Recorded information -

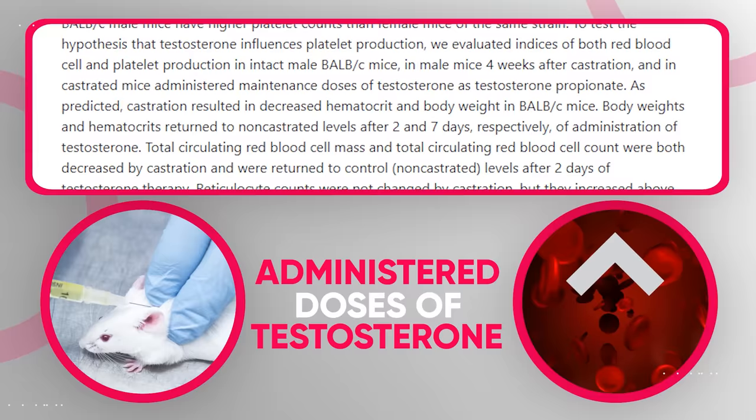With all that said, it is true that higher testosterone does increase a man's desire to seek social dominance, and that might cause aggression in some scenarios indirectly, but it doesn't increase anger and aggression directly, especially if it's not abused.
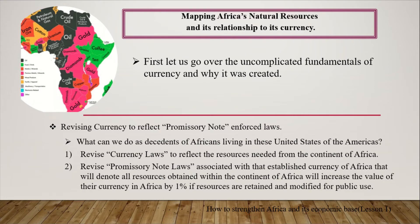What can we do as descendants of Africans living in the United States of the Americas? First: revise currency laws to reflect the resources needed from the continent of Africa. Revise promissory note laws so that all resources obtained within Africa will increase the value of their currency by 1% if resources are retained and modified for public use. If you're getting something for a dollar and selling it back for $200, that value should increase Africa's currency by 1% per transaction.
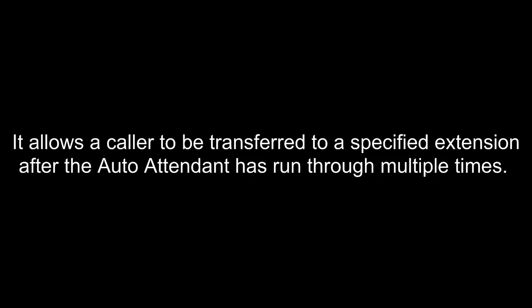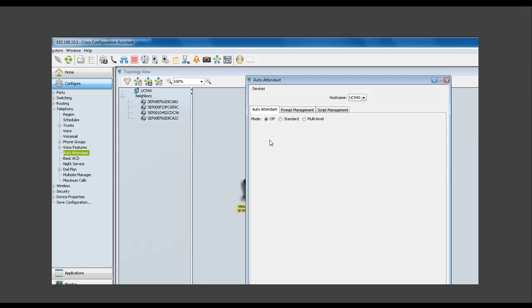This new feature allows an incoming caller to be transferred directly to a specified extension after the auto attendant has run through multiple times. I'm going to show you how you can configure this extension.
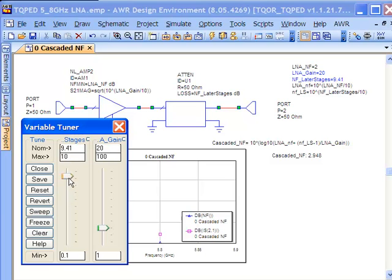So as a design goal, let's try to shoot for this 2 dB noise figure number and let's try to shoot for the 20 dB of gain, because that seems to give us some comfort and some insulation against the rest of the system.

Assignment -
Please give back the material above exactly as written, pictures omitted.

Exercise response -
With all that said, it is true that higher testosterone does increase a man's desire to seek social dominance, and that might cause aggression in some scenarios indirectly, but it doesn't increase anger and aggression directly, especially if it's not abused.
What can we do as descendants of Africans living in the United States of the Americas? First: revise currency laws to reflect the resources needed from the continent of Africa. Revise promissory note laws so that all resources obtained within Africa will increase the value of their currency by 1% if resources are retained and modified for public use. If you're getting something for a dollar and selling it back for $200, that value should increase Africa's currency by 1% per transaction.
This new feature allows an incoming caller to be transferred directly to a specified extension after the auto attendant has run through multiple times. I'm going to show you how you can configure this extension.
So as a design goal, let's try to shoot for this 2 dB noise figure number and let's try to shoot for the 20 dB of gain, because that seems to give us some comfort and some insulation against the rest of the system.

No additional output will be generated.